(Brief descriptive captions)
________________________________________
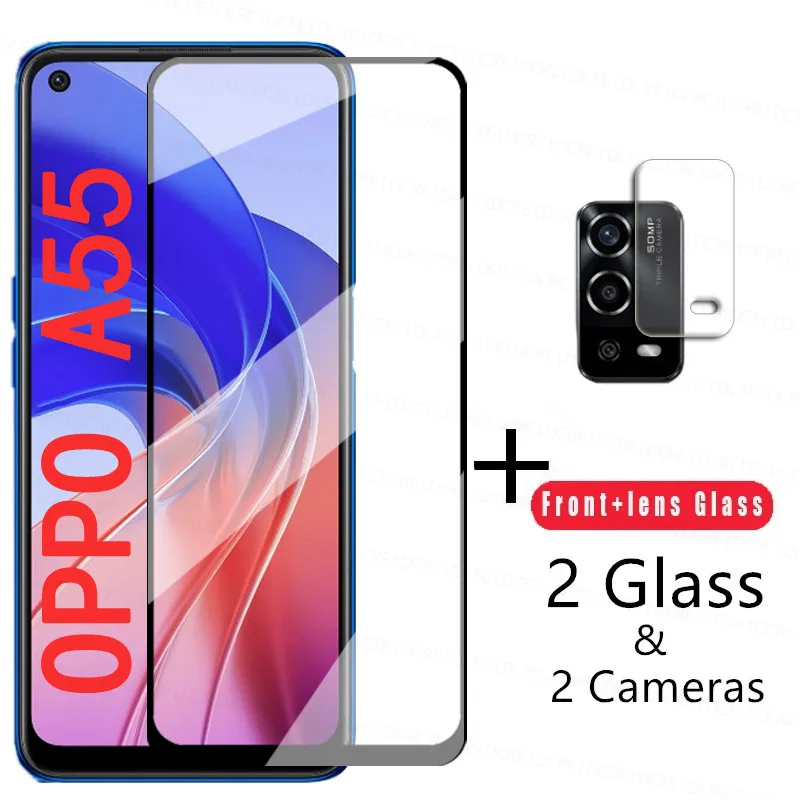 Фото 4-в-1 2.5D Закаленное стекло для OPPO A55 стекло для OPPO A55 A95 A94 A74 A54 A53 A72 A52 Защитная пленка для экрана для OPPO A55 №1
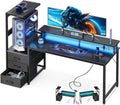 Casaottima 59 Inch Gaming Desk with USB Charging Ports & LED Light - Reversible Computer Desk with 3 Fabric Drawers, Monitor Stand, CPU Stand, Modern Office Desk, Black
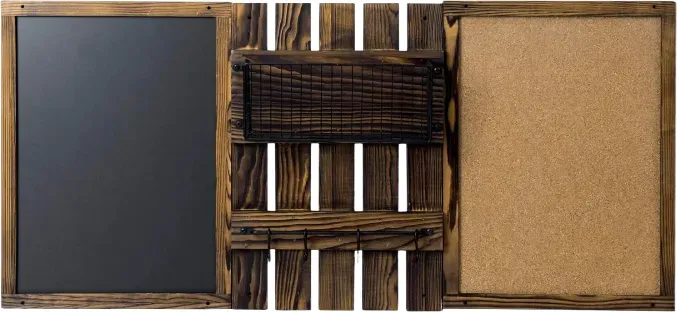 MyGift 3-Panel Wandmontiertes Eingangsbereich-Pinnwand-Kombiset mit Rustikalem Verbranntem Massivholzrahmen mit Kreidetafel, Korktafel, Schwarzem Metall-Briefkorb und Hängeschiene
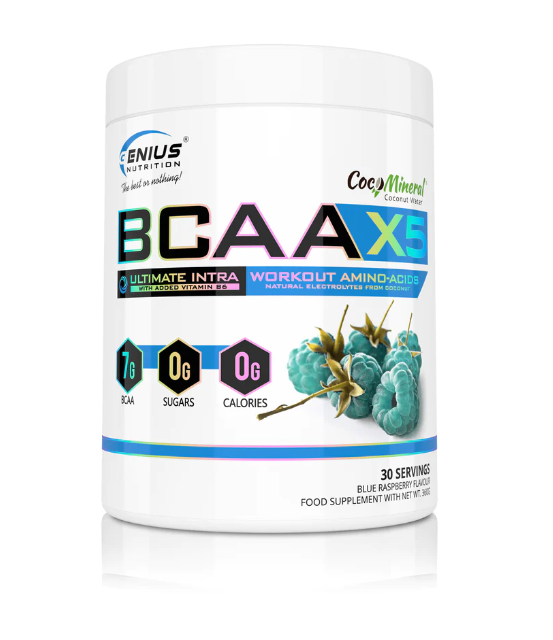 Aminoacizi pudra cu aroma de zmeura albastra BCAA-X5, 360g, Genius Nutrition Aminoacizi pudra cu aroma de zmeura albastra BCAA-X5, 360g, Genius Nutrition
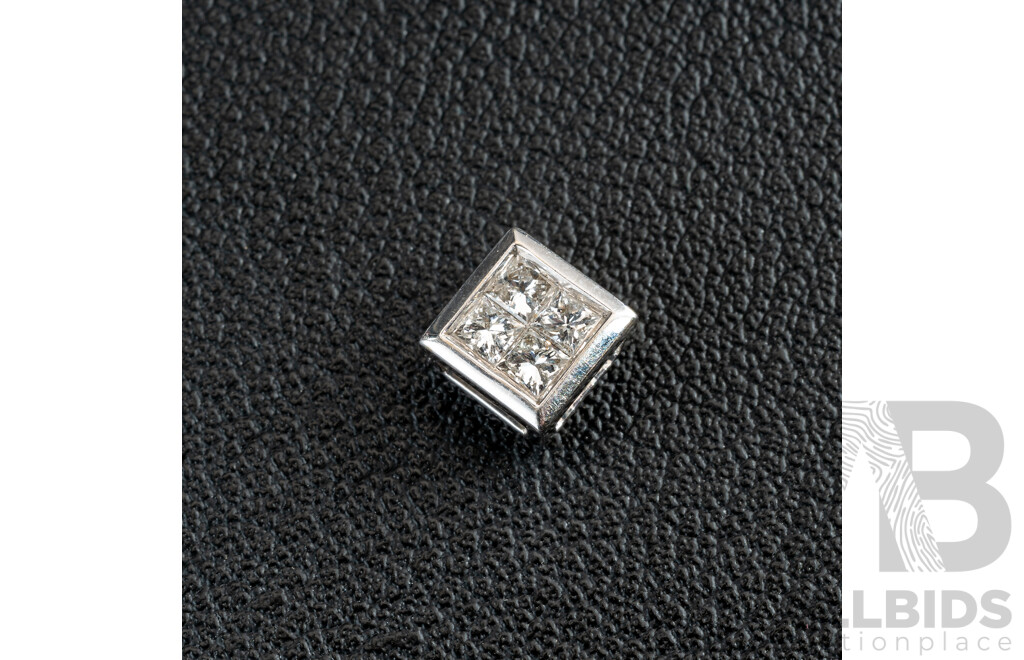 18ct White Gold Princess Cut Diamond Slider Pendant, Est TDW0.32ct, 6.85mm, 0.81 Grams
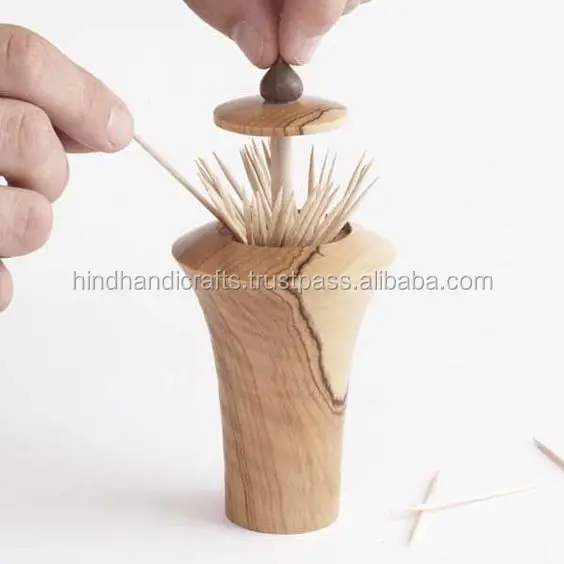 Wooden Tooth Pick, Straw and Needle Holder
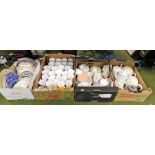 Various china and effects, plates, commemorative mugs, part tea services, teapots, etc. (4 boxes)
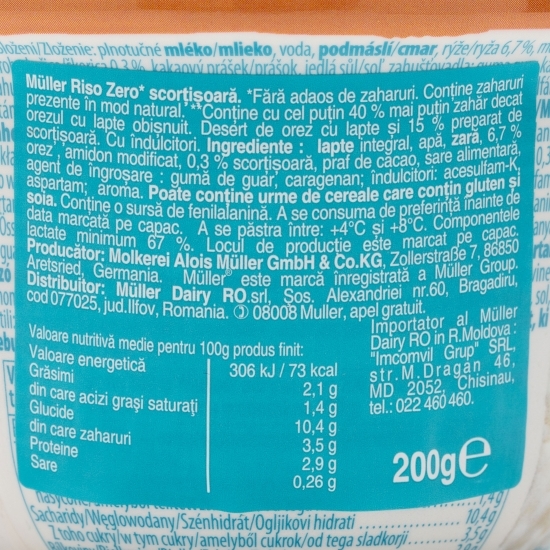 Orez cu lapte și scorțișoară fără zahăr adăugat 200g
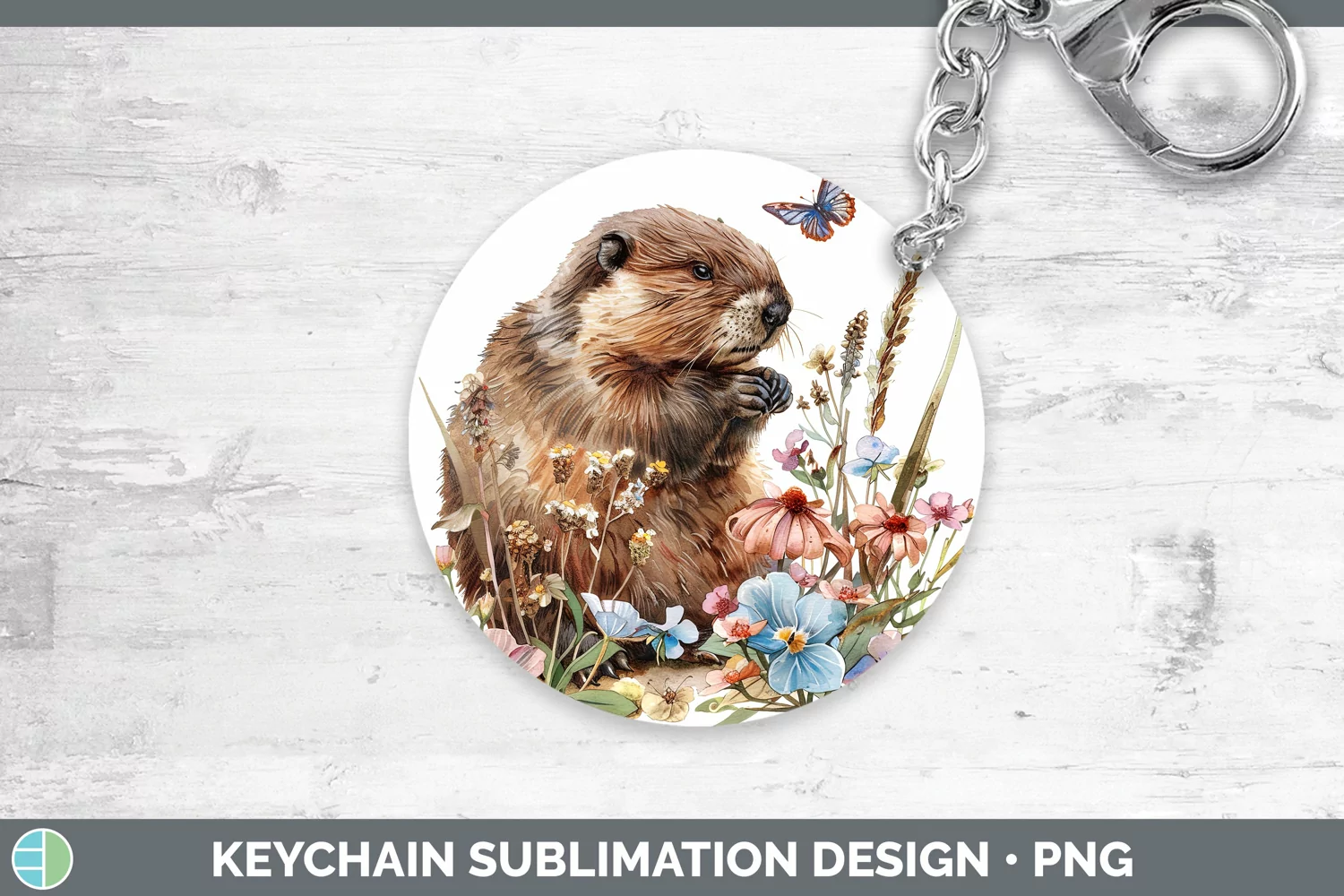 GorgeousWatercolor Keychain design.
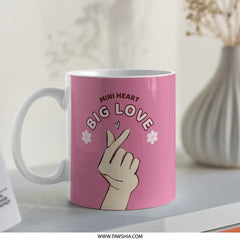 Mini Heart Big Love Mug, Finger Heart Mug, Kpop Inspired Mug, Trendy Pink Mug, Cute Coffee Mug, Gift Idea - Tawshia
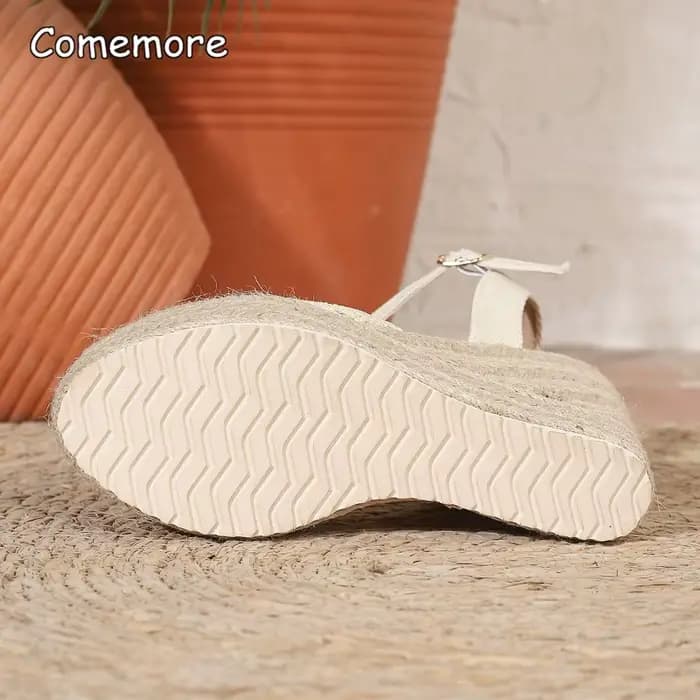 Sandales compensées en espadrille pour femme – Chaussures de plage d'été à plateforme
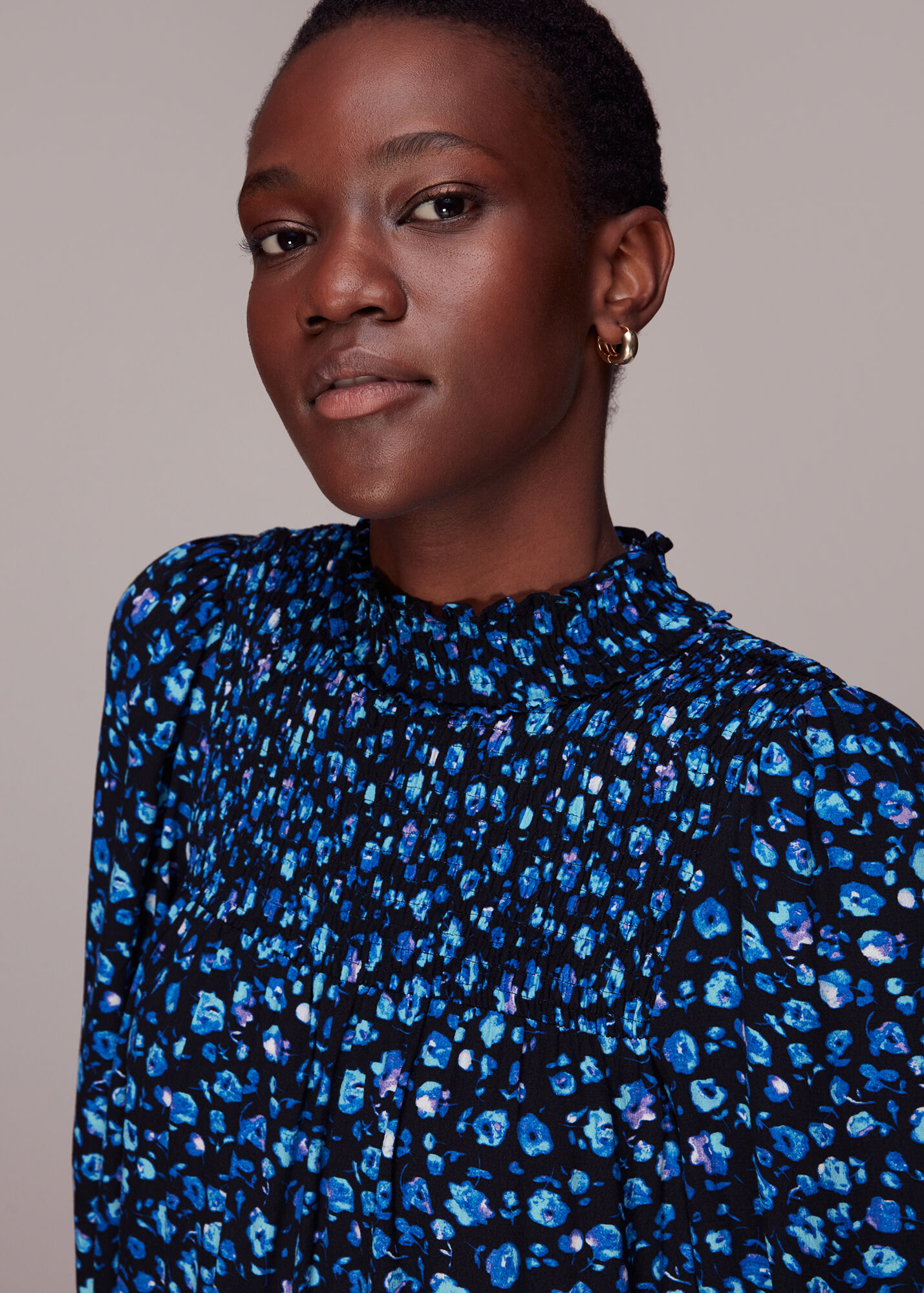 Blue/Multi Blurred Floral Trapeze Dress WHISTLES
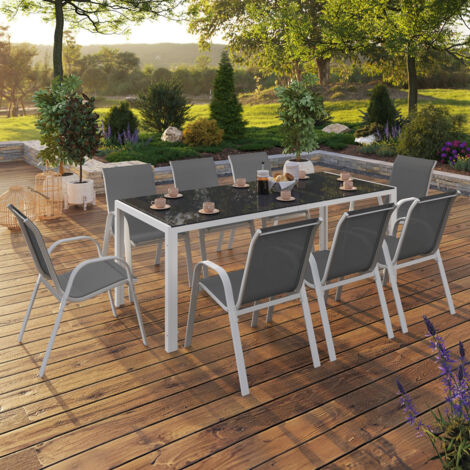 Conjunto de muebles de jardín MADRID mesa 190 CM y 8 sillas apilables blanco y gris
________________________________________
▶ **Task goal**:
What you give back should match the entries above exactly, except that pictures are dropped.

▶ **Completed task**:
 Фото 4-в-1 2.5D Закаленное стекло для OPPO A55 стекло для OPPO A55 A95 A94 A74 A54 A53 A72 A52 Защитная пленка для экрана для OPPO A55 №1
 Casaottima 59 Inch Gaming Desk with USB Charging Ports & LED Light - Reversible Computer Desk with 3 Fabric Drawers, Monitor Stand, CPU Stand, Modern Office Desk, Black
 MyGift 3-Panel Wandmontiertes Eingangsbereich-Pinnwand-Kombiset mit Rustikalem Verbranntem Massivholzrahmen mit Kreidetafel, Korktafel, Schwarzem Metall-Briefkorb und Hängeschiene
 Aminoacizi pudra cu aroma de zmeura albastra BCAA-X5, 360g, Genius Nutrition Aminoacizi pudra cu aroma de zmeura albastra BCAA-X5, 360g, Genius Nutrition
 18ct White Gold Princess Cut Diamond Slider Pendant, Est TDW0.32ct, 6.85mm, 0.81 Grams
 Wooden Tooth Pick, Straw and Needle Holder
 Various china and effects, plates, commemorative mugs, part tea services, teapots, etc. (4 boxes)
 Orez cu lapte și scorțișoară fără zahăr adăugat 200g
 GorgeousWatercolor Keychain design.
 Mini Heart Big Love Mug, Finger Heart Mug, Kpop Inspired Mug, Trendy Pink Mug, Cute Coffee Mug, Gift Idea - Tawshia
 Sandales compensées en espadrille pour femme – Chaussures de plage d'été à plateforme
 Blue/Multi Blurred Floral Trapeze Dress WHISTLES
 Conjunto de muebles de jardín MADRID mesa 190 CM y 8 sillas apilables blanco y gris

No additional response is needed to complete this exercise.